__Activity__:
Retype only the lines below from the one with "High school class" to the one with "Ar-Condicionado Split Inverter", inclusive, skipping every image.

──────── Information shown

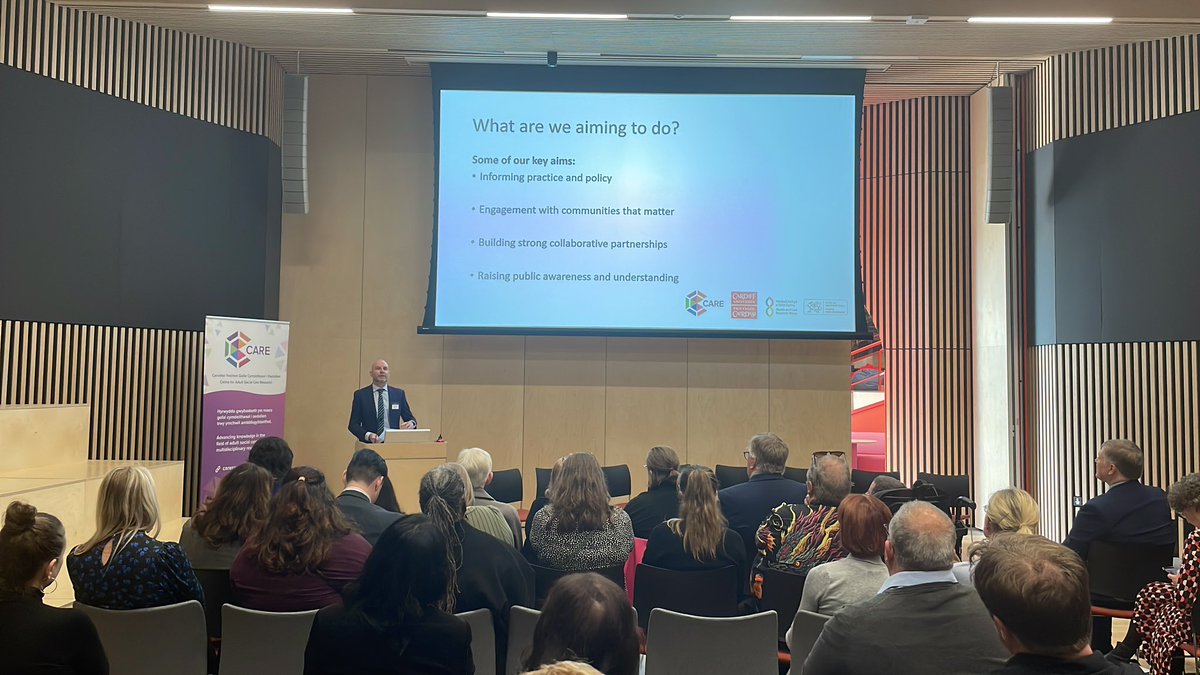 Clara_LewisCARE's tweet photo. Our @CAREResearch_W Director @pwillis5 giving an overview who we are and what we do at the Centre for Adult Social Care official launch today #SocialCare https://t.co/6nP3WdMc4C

────────────────
──────── Information shown

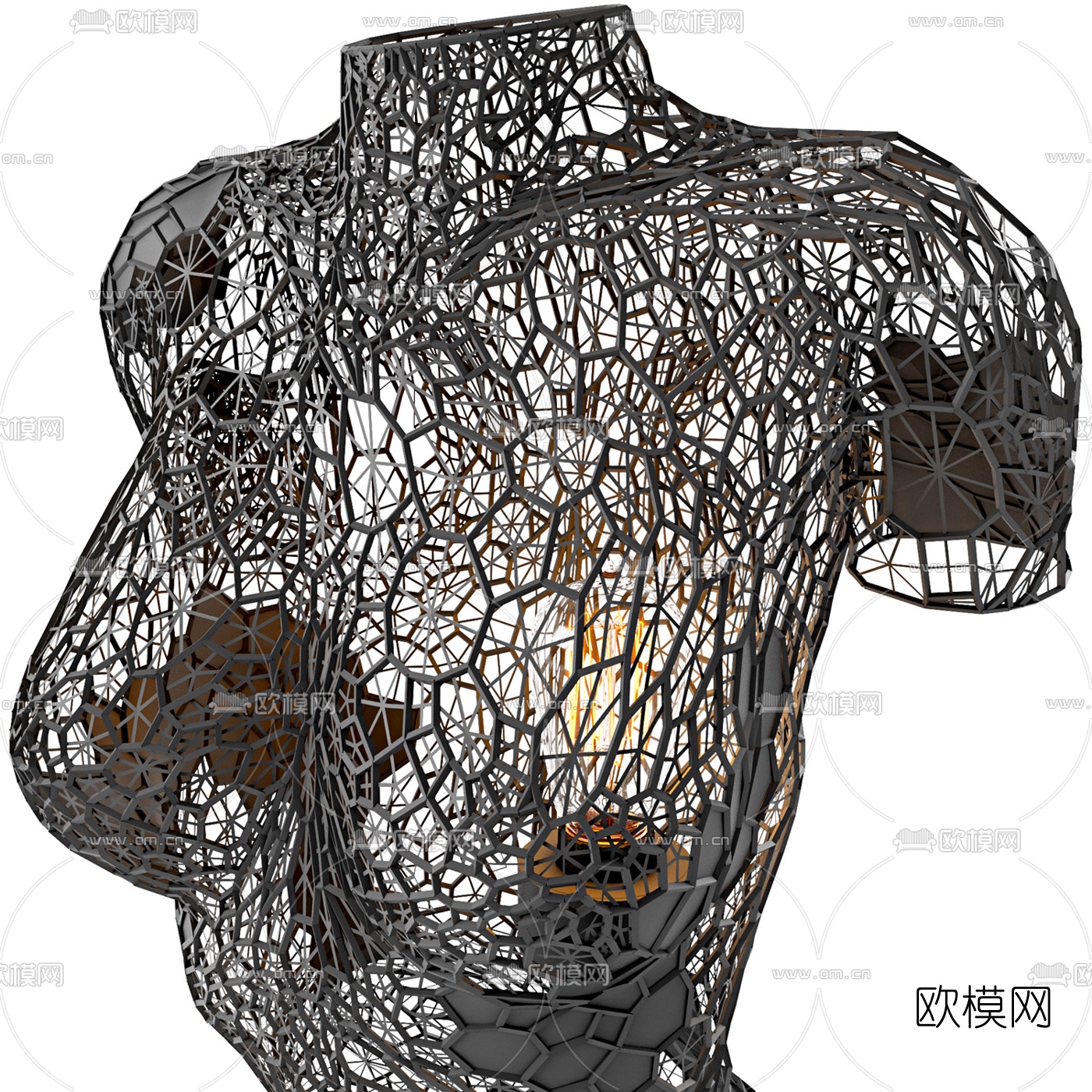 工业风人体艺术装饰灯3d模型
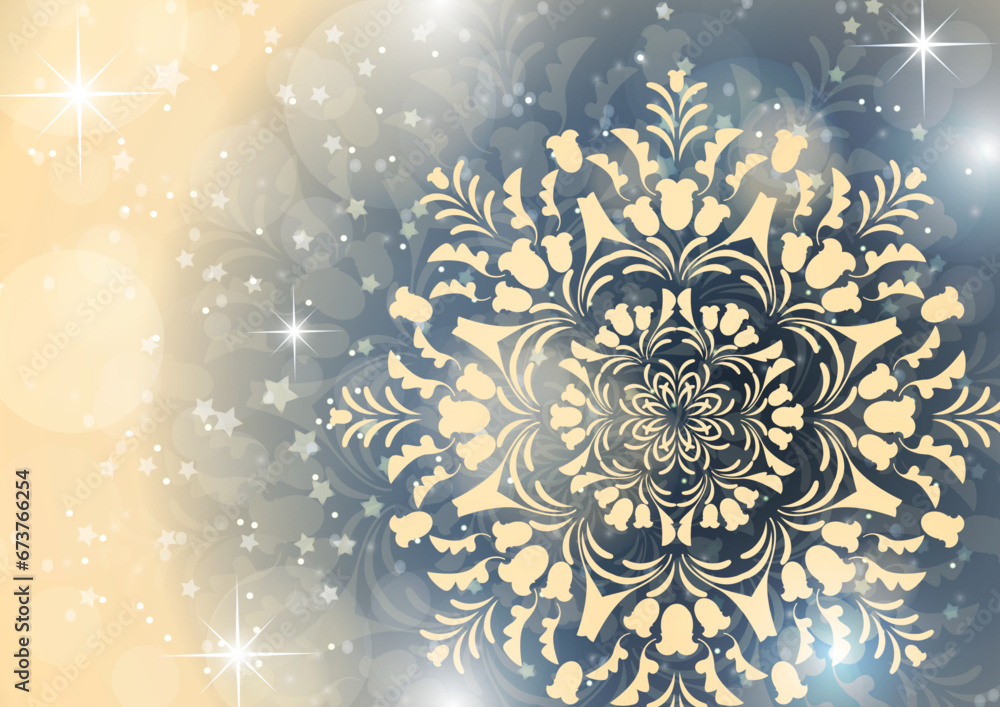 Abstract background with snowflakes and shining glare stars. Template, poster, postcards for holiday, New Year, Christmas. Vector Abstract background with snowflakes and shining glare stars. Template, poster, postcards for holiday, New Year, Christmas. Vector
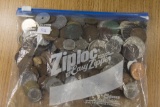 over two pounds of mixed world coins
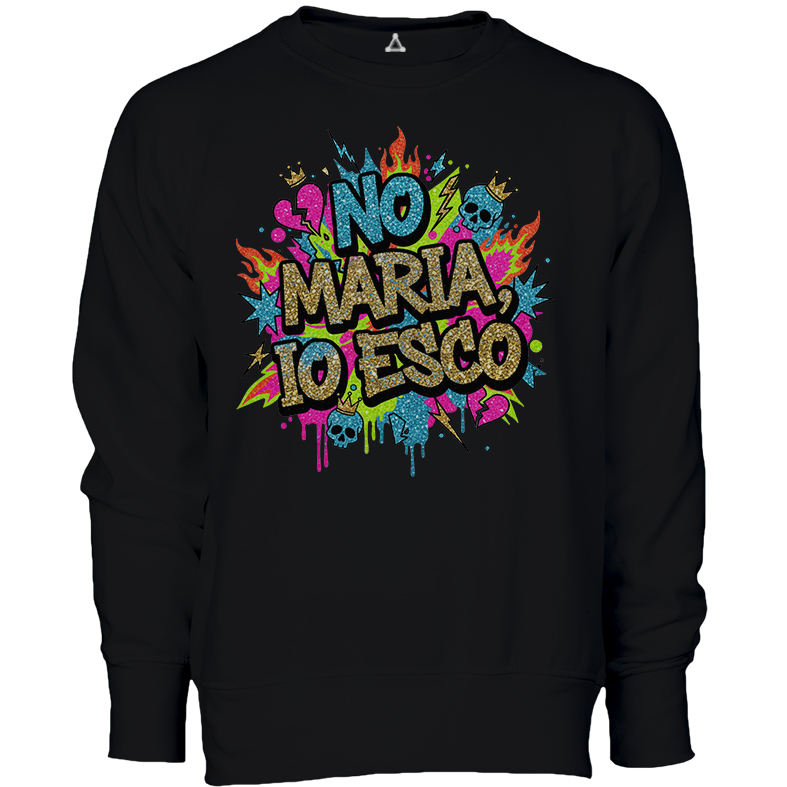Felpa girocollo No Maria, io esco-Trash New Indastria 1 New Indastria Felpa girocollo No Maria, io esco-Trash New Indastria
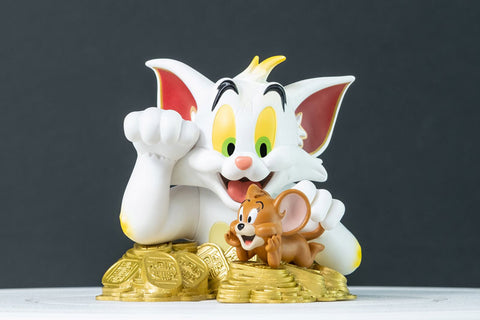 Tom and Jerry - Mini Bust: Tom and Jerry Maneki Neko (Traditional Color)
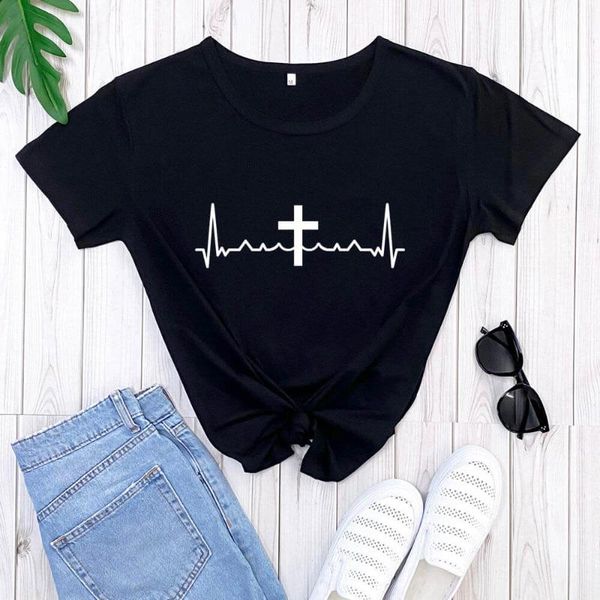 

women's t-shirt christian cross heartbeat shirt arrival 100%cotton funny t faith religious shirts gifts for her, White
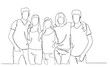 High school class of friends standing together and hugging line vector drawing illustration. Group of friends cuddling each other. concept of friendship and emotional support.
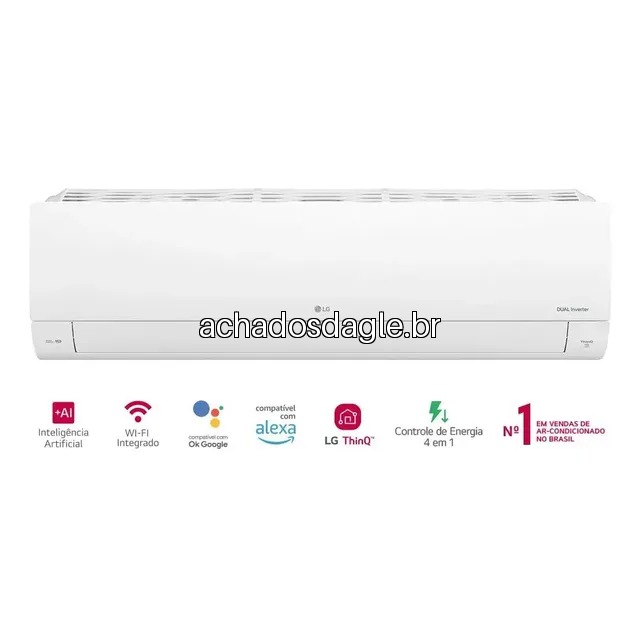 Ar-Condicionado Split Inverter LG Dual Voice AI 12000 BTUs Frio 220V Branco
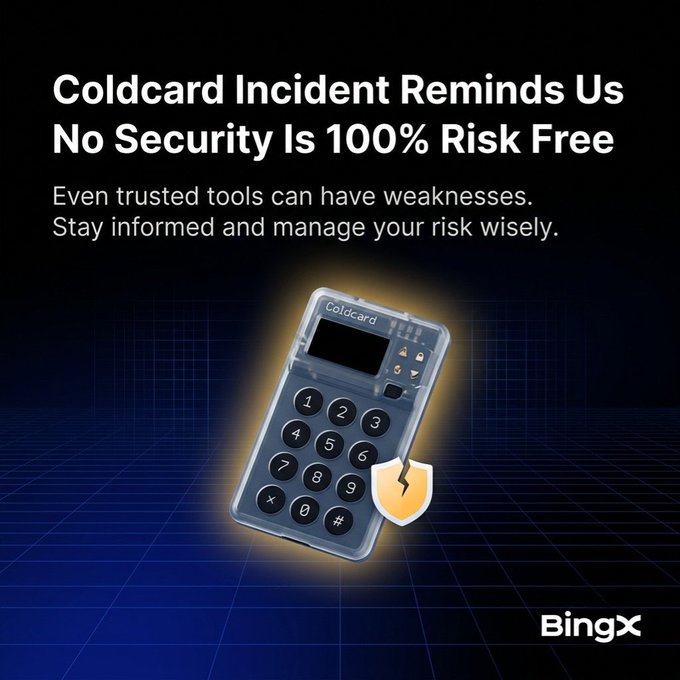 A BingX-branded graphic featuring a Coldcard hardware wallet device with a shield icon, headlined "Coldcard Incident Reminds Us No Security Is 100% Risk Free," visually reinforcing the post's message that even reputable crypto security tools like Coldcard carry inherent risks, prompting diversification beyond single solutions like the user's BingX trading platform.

────────────────

__Your response__:
 High school class of friends standing together and hugging line vector drawing illustration. Group of friends cuddling each other. concept of friendship and emotional support.
 Ar-Condicionado Split Inverter LG Dual Voice AI 12000 BTUs Frio 220V Branco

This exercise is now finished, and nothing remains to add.